Echoes of a stellar outburst

Like a flashbulb illuminating fog, light from the outburst of a star has revealed its dusty surroundings. The light bouncing off the dust, which astronomers call a light echo, hasn’t been observed in our galaxy since 1936. The new echo has been captured in exquisite detail by the Hubble Space Telescope, reports Howard Bond of the Space Telescope Science Institute in Baltimore and his colleagues in the March 27 Nature.

DUSTY SPOTLIGHT. Sequence of images shows light from a stellar flash spreading into space and reflecting off more and more distant layers of dust surrounding the star. NASA, ESA, and Bond (STScI)

The echo not only reveals the dusty netherworld, but also provides a record of the star’s unusual eruption, Bond notes. During the outburst, which astronomers observed in January 2002, the star inflated to a diameter at least 800 times larger than that of the sun and briefly became the most luminous star in the Milky Way.

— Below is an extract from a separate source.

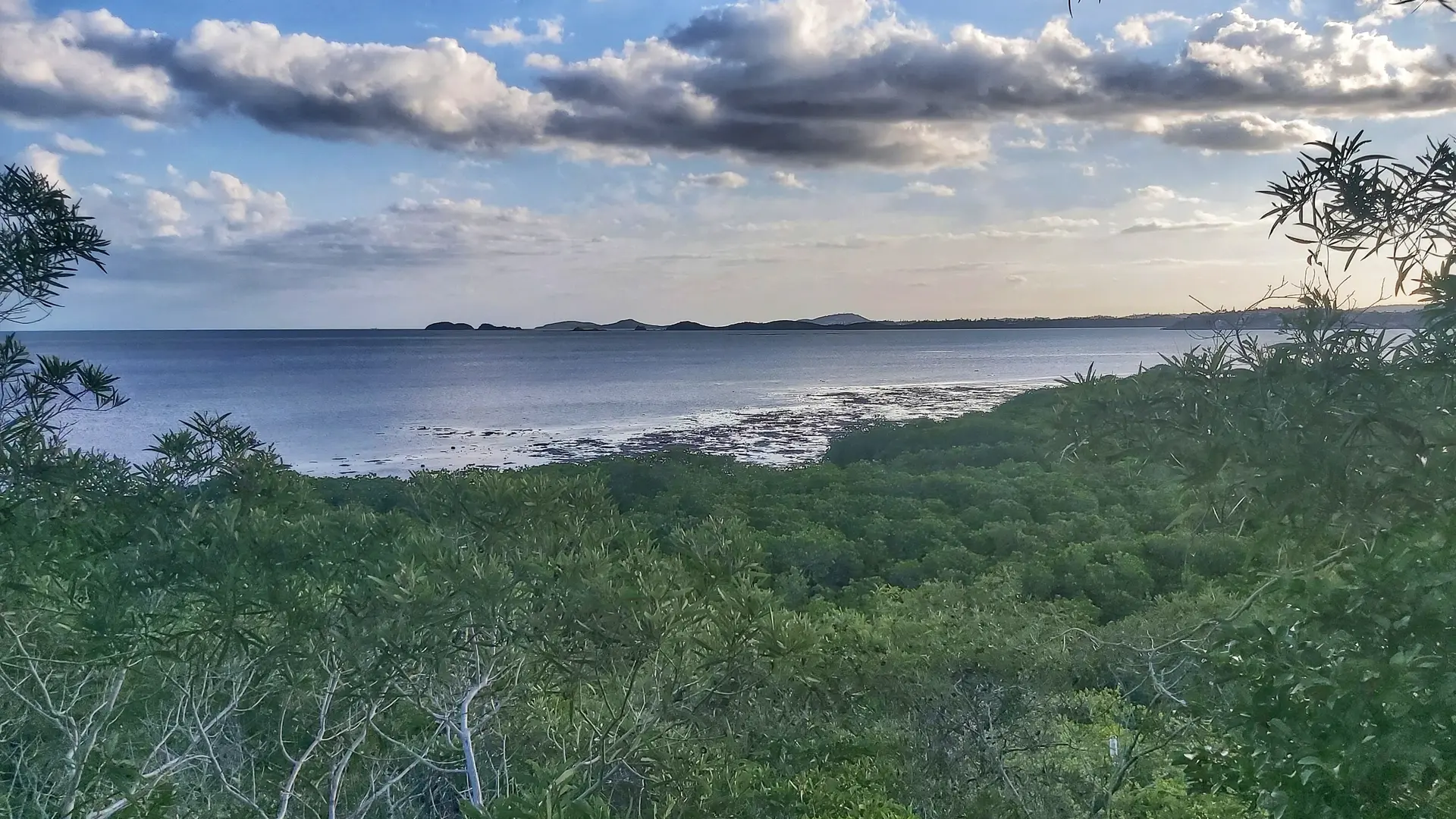 Du haut du point de vue de l'îlot pécheur, vous pourrez admirer la vue sur la baie de Boulari, et de magnifiques couchers de soleil.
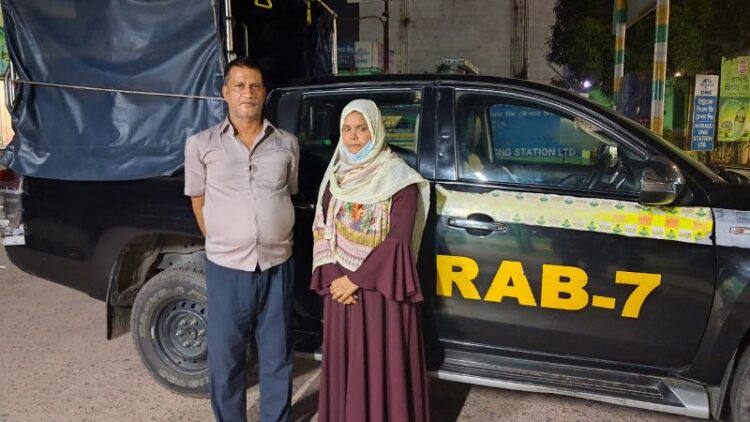 বাকলিয়ায় স্বামী-স্ত্রীর মাদক ব্যবসায়ে র‍্যাবের হানা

Although the body, known as V838 Monocerotis, has since faded, the light from the outburst continues to reflect off surrounding dust. As light bouncing off dust farther and farther from the star reaches Earth, the circular reflections provide an expanding cross-section of the star’s envelope of dust. The light-echo has now expanded to twice the size of Jupiter, as seen from Earth, and may be visible until about 2010. The Hubble images reveal that the star is 20,000 light-years from Earth.